Yesterday, my roommate moved into his new place. It probably comes as no surprise to you by now, that it was a stretch for me to offer to help him, seeing as I was SO busy reading a book. But somehow I forced the words out of my mouth, twice! The first time, he did the polite, "oh no, you don't need to help" and clearly when he did need help, I quickly shoved the words out of my mouth again, before I could logically think my way out of it. This time, he conceded and allowed me to help. It didn't take long, as he only needed help with his box spring and mattress. Not to mention the use of my huge muscles to lift them on top of his car. (I'm not quite sure how much I actually assisted, but I did exert effort, because this had to count as my giving for the day). I also gave five dollars to a touring band. (I may have to start saying that after I tell really boring stories (which rarely happens).

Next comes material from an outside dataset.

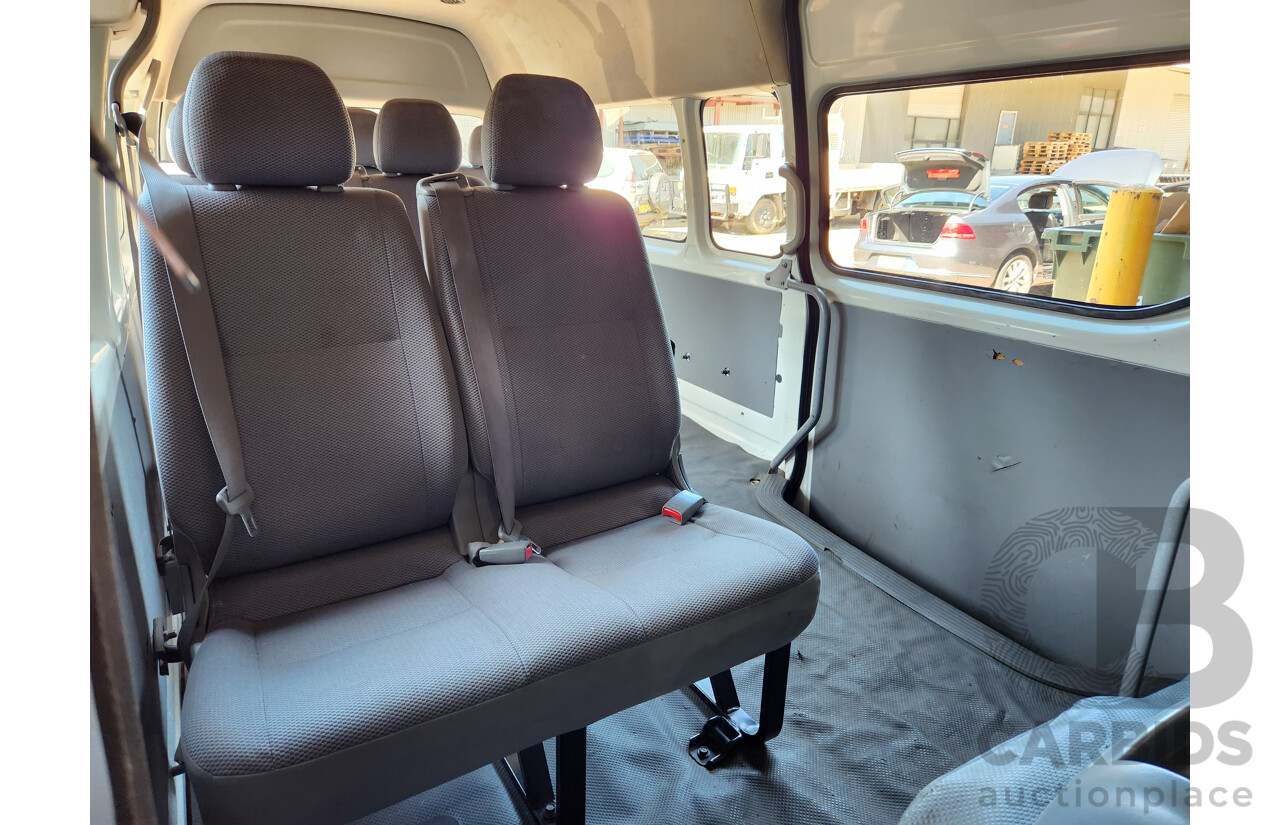 4/2007 Toyota Hiace Commuter KDH223R MY07 Bus White 3.0L Turbo Diesel - 12 Seater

Today, I can't lie. I'm feeling a little sorry for myself. I am tired of giving. Tired of trying to think of ways to give. Then I feel ridiculous for thinking about how tired of giving I am? Doesn't make any sense. Am I more selfish than I realized?
I log on to Facebook. Someone has mentioned a need for a ride later this week. They had plenty of offers, but people, oh sweet good intentioned people, rarely follow through. I logged out of Facebook without offering to help because one, this person is ALWAYS asking for help, and two, it seemed as though it was covered. But...wait for it...I log back in, eager to do my "good deed" for the day, which, I decided, was to make myself available. Then... I start thinking. And apparently thinking, shows the intention of my heart, to not be very pure at this stage. I didn't want to help this person because I think that they overuse the kindness of others, without giving back. But since when is it my place to judge their actions or their course of action? At least they asked for help! Rather than as some, complaining that no one will help them, when no one even knows of their need!
This whole giving thing...I don't know about it, challenging me on my character? On my motives? On my selfish judgmental ways? Rude. It's hard work and I already lifted a mattress this week.